Even Trinidad and Tobago goalkeeper Kimika Forbes said after a tough 1-0 loss to the U.S. in qualifying that she and her team played with no fear of the Americans.
And then there is Brazil, who played a more confident match against the United States than they have in, say, seven years — since that 2007 U.S. debacle — in two matches this past week in Brasilia. ‘Fear’ isn’t the right word to use for Brazil when it comes to facing the United States. The two bitter rivals don’t pull any punches when they meet. But Brazil is well aware that they have now beaten the U.S. only three times in 32 tries. Frustration — a more appropriate word here — from that is typically palpable in Brazil when playing the U.S. It was only a year ago when the two teams met in Orlando and the U.S. won 4-1.
But the frustration wasn’t there in Brasilia this month.
All of this means what has largely been known for years now: the world is catching up. The United States will not steamroll opponents as they once did. And Americans — players and fans alike — have to know that international progress will only continue. The world is getting better, and for the U.S. to acknowledge that — not just verbally, but in action and tactics — is what will make or break the team’s ability to adapt and move forward. Antiquated tactics won’t work.
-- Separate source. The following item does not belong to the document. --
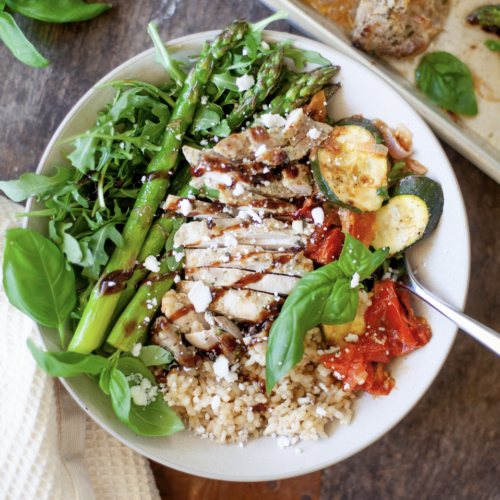 A bowl featuring Roasted Tomato Basil Chicken, asparagus, arugula, zucchini, brown rice, feta cheese, and fresh basil, all drizzled with balsamic glaze.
Remember, 2010 was a turbulent year, too. But eight months after nearly not making the World Cup, the U.S. progressed to the final thanks to a pretty substantial miracle in the quarterfinal against Brazil. It isn’t all doom-and-gloom for the U.S. The Americans are likely to again be in the mix on the final weekend, but road blocks along the way will be significant, including a possible Round of 16 game against Brazil for the second-place finisher from Group D.
And it’s well known that anything short of a World Cup title will be failure. Again.